Questo è uno dei migliori album degli ultimi 20 anni. Non c’è niente che potrebbe scalfire quest’album. Hot Fuss era basato completamente sulla fantasia. Le influenze inglesi, il trucco – erano quello che immaginavo fosse rock. Sono un sognatore, quindi mi ero rifugiato in quel sogno e scritto Hot Fuss. Ma sentire le persone che ci definivano come la migliore band britannica americana mi ha fatto pensare alla mia famiglia e a chi ero. Ecco di cosa parla Sam’s Town. Ho cercato di trovare chi ero.

Day & Age (2008)

Credo di prestare troppa attenzione a quello che le persone scrivono. Sto migliorando; sto pensando di meno. Ecco perché Day & Age è un album allegro. Ci siamo lasciati andare. Non ero preoccupato di quello che i critici potevano dire su di noi e di come cercavamo di seguire le orme degli U2. Il cambiamento è inevitabile. Non abbiamo paura di suonare allo stesso modo, ma non abbiamo nemmeno paura di abbracciare quello che sta succedendo. Questo sarebbe potuto tranquillamente essere Sam’s Town Part 2. Ma quando ci siamo messi a lavorare assieme, non lo è stato. C’è molto più spazio in questo album. Credo sia un segno di maturità, ed è bello essere arrivati a questo punto.

Battle Born (2012)

Sento che ci sono molti momenti che andranno bene dal vivo, più di quanti ne abbiamo mai avuti. Sento che le persone riusciranno a relazionarsi e a capire queste canzoni. In proporzione è il nostro album più forte, e ne sono molto entusiasta. Stiamo iniziando a sentirci più a nostro agio ad essere chi siamo. E siamo orgogliosi di chi siamo.

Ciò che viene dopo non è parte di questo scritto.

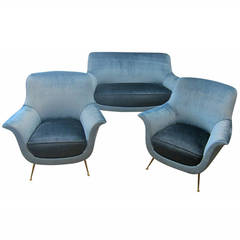 1950s Italian Lounge Chair Suite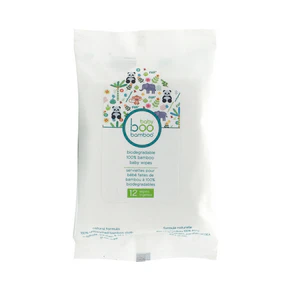 Boo Bamboo - Baby Boo Biodegradable Travel Wipes (12ct) - Image 3
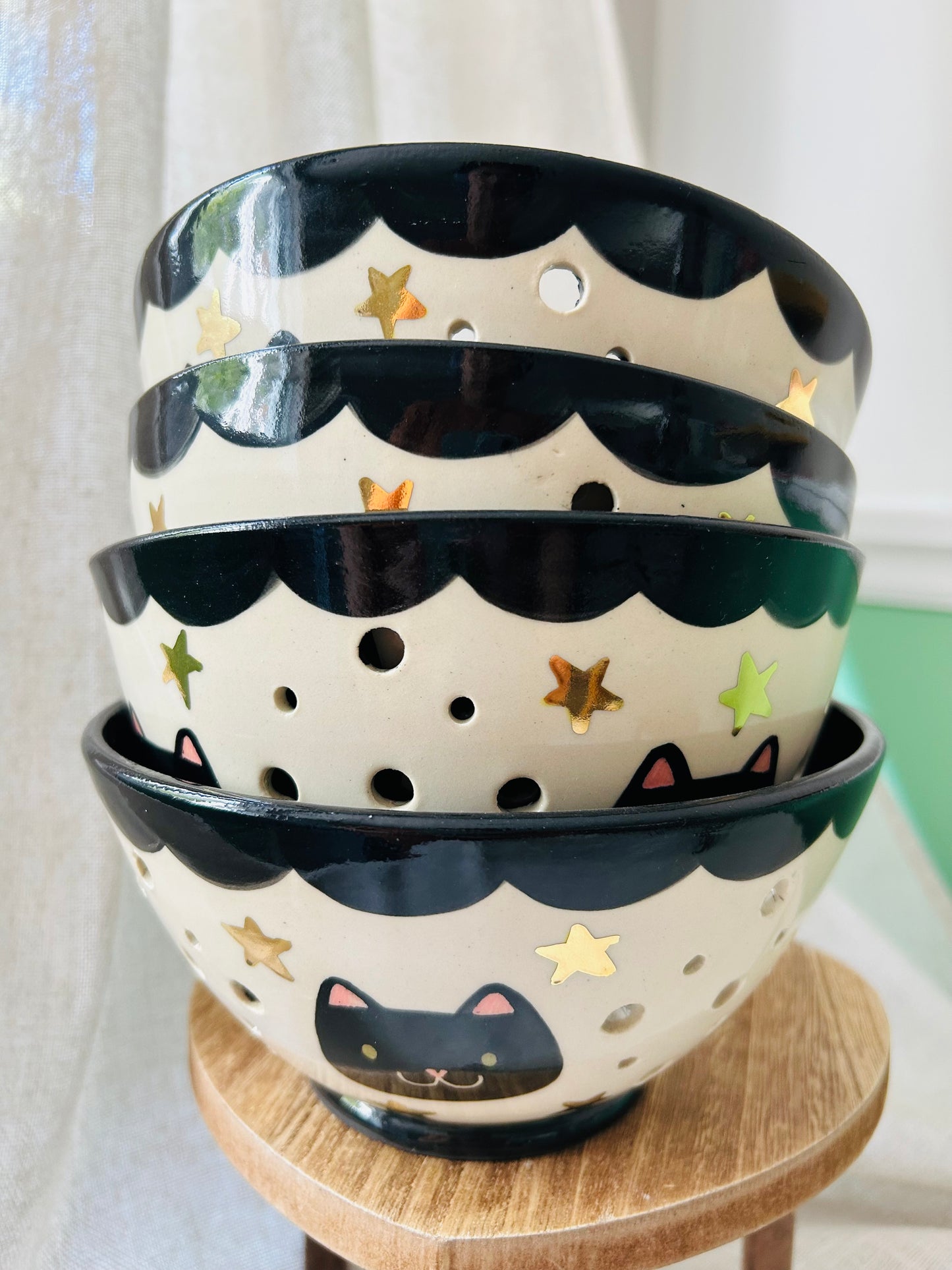Cat Berry Bowl- Starry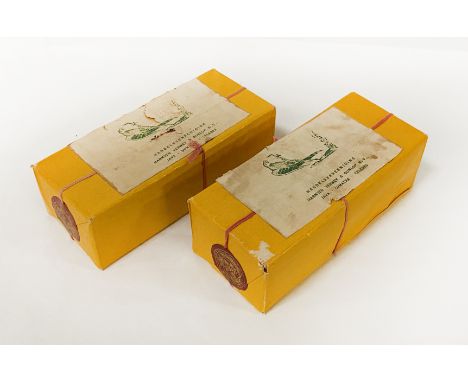 TWO PACKS OF TEN ANTIQUE CHINESE PLAYING CARD SETS ''CHI CHI PAI'' MANUFACTURED IN BELGIUM BY MESMAEKERS C1890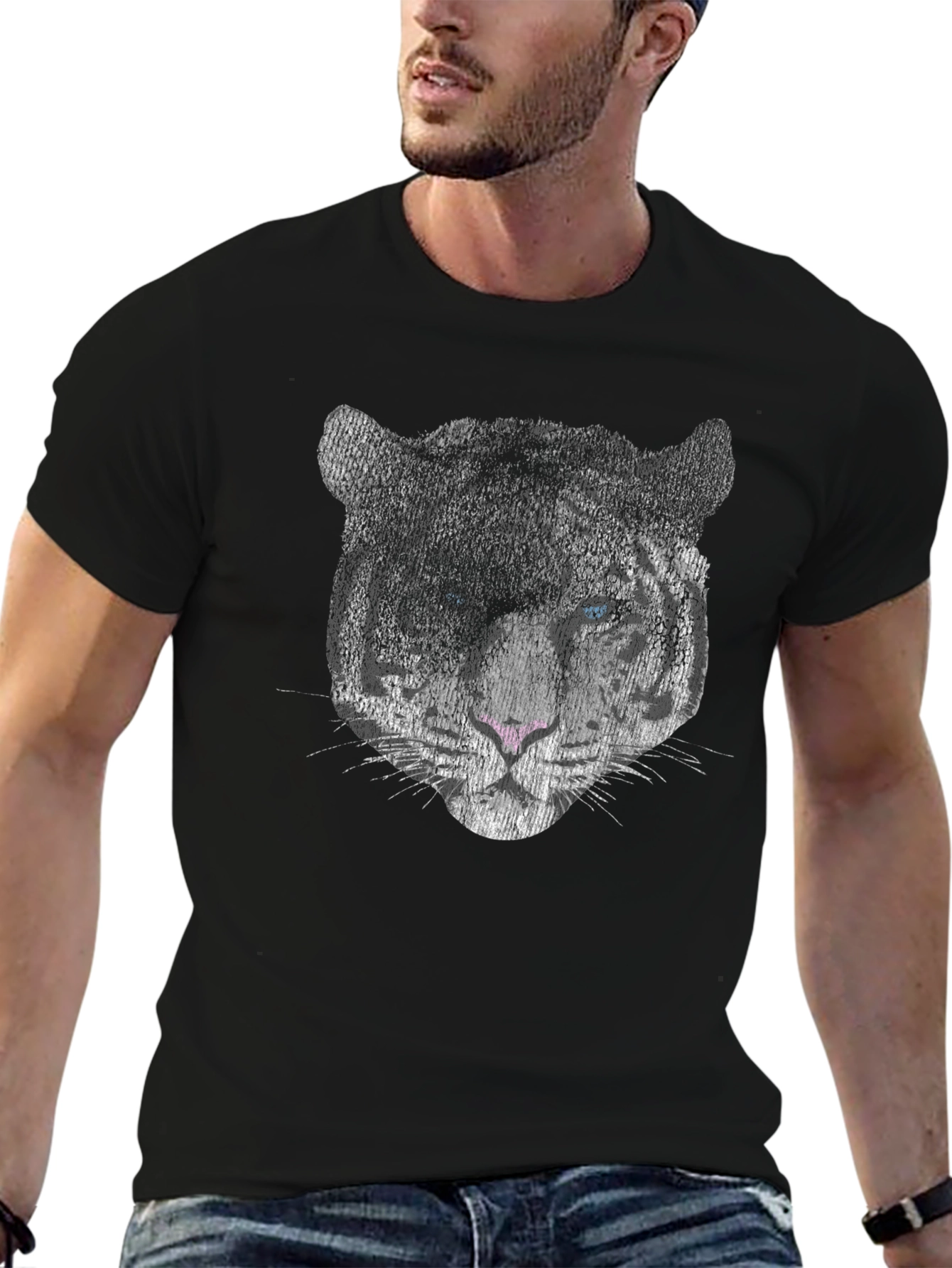 Black Tiger Graphic Tee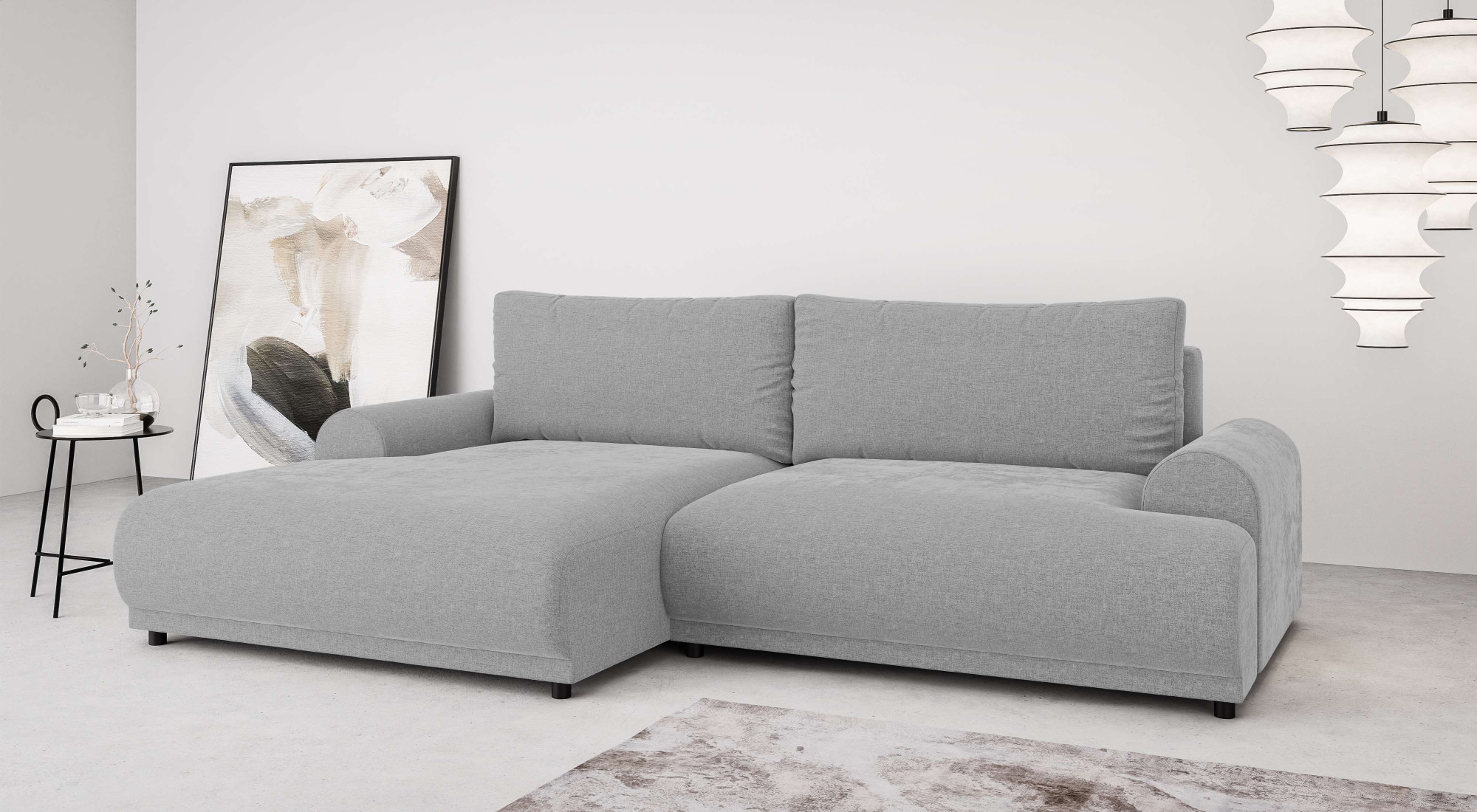 INOSIGN Ecksofa "Marsby, mit Bettfunktion und Bettkasten, Maße: B/H/T 242/6 günstig online kaufen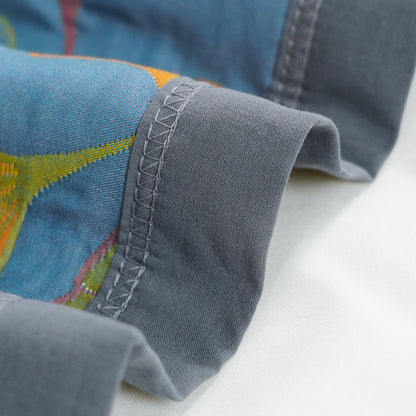 GinkgoLuxe Reversible Cotton Quilt – Elegant Eco-Friendly Comfort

Lou Reed è stato la nostra Rihanna

Brandon da un parere sulle cose più discusse della musica ultimamente

Le battaglie intestine ai New Order

È una cosa terribile. Non capisco, quando vedi tutto quello che hanno passato lungo gli anni, ti chiedi perché non riescono a comportarsi bene l’uno con l’altro? Devono risolvere la situazione, velocemente.

I Coldplay che lavorano con Rihanna

È parte del loro viaggio. Le band migliori hanno sempre cercato di allargare il modo in cui le persone le vedono. Noi lo faremmo? Forse non direttamente. Lou Reed è stato la nostra Rihanna (quando hanno collaborato per Tranquilize).

Il ritorno dei Bloc Party

Non l’ho ancora sentito, ma sono ancora una band interessante. Sembra che il cantante si stia divertendo di più in questi giorni. Sembra essersi aperto molto di più.

La reunion degli Stone Roses

Non sono mai stati sul mio radar quando stavo crescendo. Mi piacevano gli Smiths e i Pet Shop Boys e molta altra musica inglese, ma gli Stone Roses non he hanno fatto parte per un qualche motivo. Li ho scoperti di recente, e ho capito che hanno un sacco di belle canzoni.